6 Crucial Tips to Manage Business Debt


Every business, no matter the industry or how long it’s been operating, involves an element of risk, and a big part of this is financial risk. While getting into debt is not necessarily a problem in and of itself (many businesses take on loans) you still need to ensure that you are managing this debt properly to stop it spiraling out of control. Otherwise, you could find that your whole company is at risk. To help you out in your task, the following blog post is all about how to manage business debt.

  1. Understand Your Financial Situation

While it may seem strange to say, many business owners simply don’t know enough about their own financial situation. As a result, it’s all too easy for them to lose control of their financial situation. Even if you have an accountant who is helping you to legally get rid of debt, you still need to have a handle on what is going on so you can make the right strategic decisions for the good of your company.

  1. Break Down Your Outgoings

Split up your outgoings into different sections and you will be able to tell where a big percentage of your money is going at the end of every month. A big part of it is likely to be going on your payroll for your employees. Next, you have the suppliers and business partners that you have to pay every month. Obviously, we also have the debt that’s been mentioned. Expenses such as rent and utility bills need to factor in here – as does your insurance bill, too. Once you have a clear and realistic breakdown of your costs, you can work out where you can back cutbacks where necessary.

  1. Renegotiate the Terms of Your Loans

Another option that could be available to you is to renegotiate the terms of your loans. Get in contact first with your bank or lender and ask whether you are able to spread out the repayments over a longer period of time. You may also be able to get some leeway on the cost of the monthly payments. Even if you just use the technique to give yourself a bit of breathing room, it can prove to be a useful way of keeping your business afloat. One of the best ways that you can get a better deal is to make it clear that you have a plan of action for dealing with your debt. Present yourself and your figures clearly and with confidence. If you are proactive, it is more likely that you are going to get yourself a good deal. Otherwise, you could end up defaulting on your payments and your lenders are less likely to trust what you are saying. Always remember that it benefits no one if your company goes under, so it is in your lenders’ interests too that they are able to help you through this time.

  1. Increase Your Revenue

The most obvious way that you are going to be able to deal with your debt situation is to increase your revenue. There are several ways that you can boost your cashflow in the short-term. First is to have a sale or offer some discount codes to get money coming in. You can also try networking hard with your clients, friends, and anyone else who can open doors for you. Of course, you want to do this in a way that appears calm and measured as you don’t want to give off any impression of being in desperate need of support. Try targeting your existing customers as much as possible as getting new clients can prove to be a bigger challenge and they often don’t spend as much. On the other hand, your existing customers are already converted to the positive aspects of your business.

  1. Reduce Your Business Costs

If you are unable to increase your revenue any more, your only other alternative is to reduce your business costs. There are plenty of ways in which this goal can be achieved. First up, you could try reducing your office space and cutting back on your rent costs.

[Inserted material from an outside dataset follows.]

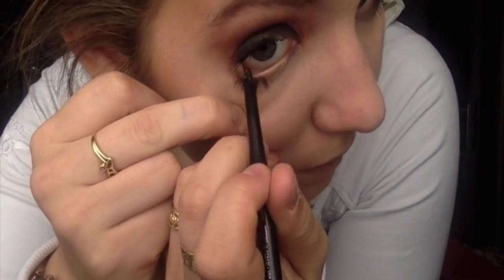Now I'm just taking a black liner from Essence — it's like one of those roll-up ones but it didn't really color that much. Now I'm using a lip liner by Essence and I believe it's called Wish Me A Rose, and I'm just lining my lips and filling them in.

This may be a short-term strategy that works well now due to the number of people who are working from home. It may be a difficult decision to make, but you may have to look into the possibility of redundancy for some of your employees. In serious situations, you may have to consider refinancing to generate the cash flow that you are looking for. Also, you have the option of talking to your suppliers to see if you can reduce your rates. If you have been working with them for a long time and you have a good record of paying on time, you are more likely to find that they are receptive to this particular proposal. One alternative to look into is outsourcing various functions. This would mean that you pay for the services you use, when you use them, and not for a full-time employee to be on hand all the time. This approach also enables you to access experts in the area you are looking to outsource – third-party vendors often operate at economies of scale in their field.

  1. Be Careful About Cutting Too Much

While you may have identified the areas in which you are able to cut your costs, you don’t want to do this too ruthlessly. Otherwise, you could find that you negatively impact your overall business performance as a result. For example, while marketing may seem like an obvious area to cut, if you are not bringing in any new clients, this can end up having a counterproductive effect on your overall business. If you make too many staff redundant, your business will no longer be able to operate as effectively as it needs to. You should be looking to trim the fat from your company rather than inflicting serious wounds that could prove to be terminal!

Managing your business’ debt properly can end up being the difference between running a successful company and your company getting itself into all sorts of financial trouble, so use the techniques above in the right combination to ensure that you get on top of your financial situation.